29.01 — 05.03., 2016
In der Galerie Bärbel Grässlin ist aktuell die Ausstellung Zweite Welt von Heiner Blum zu sehen. Sie besteht aus einer Reihe von Filmstills, aus Dokumentar- und Unterhaltungsfilmen, die eine enzyklopädisch anmutende Einsicht in das facettenreiche menschliche Wirken geben wollen. Es sind Szenen, die im Bildgedächtnis vieler einen festen Platz haben, wie etwa der Angriff auf Pearl Harbor, der Absturz der Challenger, der Sturm auf den Winterpalast des russischen Zaren, etc.. Sie lassen an prägende Ereignisse der Geschichte denken, menschliche Schicksale, Gräueltaten aber auch Sinnesfreuden und Leichtigkeit.
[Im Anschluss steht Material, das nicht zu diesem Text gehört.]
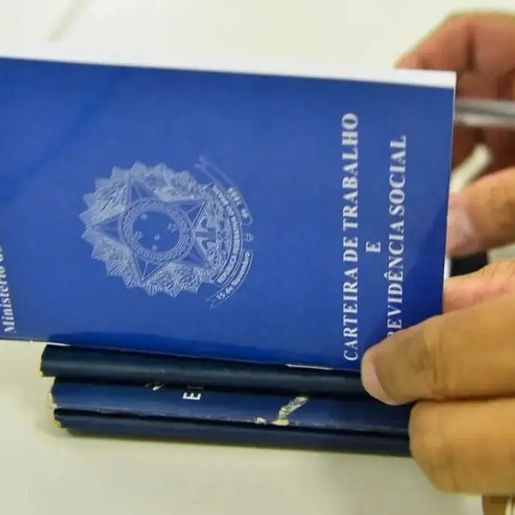 Entidades de SC manifestam preocupação com avanço da PEC que prevê fim da escala 6×1 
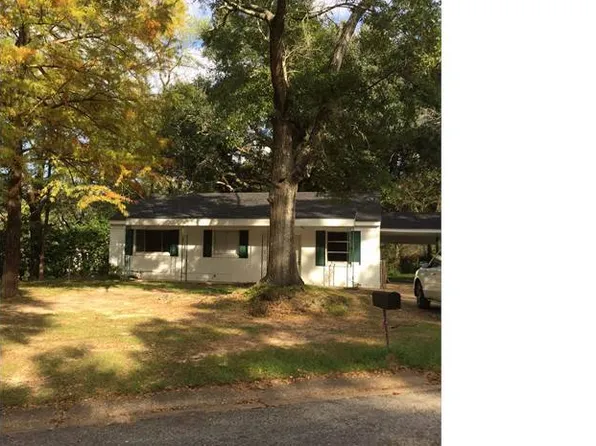 453 Elmwood Dr, Mobile, AL 36609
Diese Bilder standen nicht schon vorher fest, sondern wurden aus einem Geschehen herausgeschnitten. Es sind Vergrößerungen und Fokussierungen von Filmszenen, deren Farbe, Helligkeit und Schärfe stark bearbeitet wurde. Die Hinweise auf den Zeitpunkt, in dem sie entstanden sind verschwimmen so im malerischen Eifer und verweisen auf die Geschichte der Kunst selbst. Die Rolle der Fotografie steht hierbei Mittelpunkt. Daher verwendet Blum Zinnfolie als Bildträger, eine Reminiszenz auf die erste Fotografie, die 1826 von Joseph Nicéphore Niépce auf einer Zinnplatte fixiert wurde. Das Faszinierende, dass dieses Material produziert ist, dass es die Bilder zu körperlich wahrnehmbaren Objekten macht. Im Ausstellungsraum wirken sie unter der Spotbeleuchtung wie Fernseher, die dem Betrachter ihren Inhalt entgegenstrahlen. Die Rolle der Fotografie wird aber auch in der Auswahl der Bilder selbst reflektiert. So stehen inszenierte Aufnahmen mit Schauspielern an Filmsets neben dokumentarischen Aufnahmen von Kriegsschauplätzen und fragen nach der Glaubwürdigkeit der Fotografie als Informationsträger. Titel wie Perlenhafen (Pearl Harbor), Brausebad (Eingang zu einer Gaskammer) oder Christa, Ellison, Francis, Greg, Judith, Michael, Ronald (Absturz der Challenger) binden den Bildinhalt dabei scheinbar an die Realität zurück. Was sie aber auch tun ist die Verbindung von Bildinhalt und geschichtlichem Ereignis zynisch zu kommentieren.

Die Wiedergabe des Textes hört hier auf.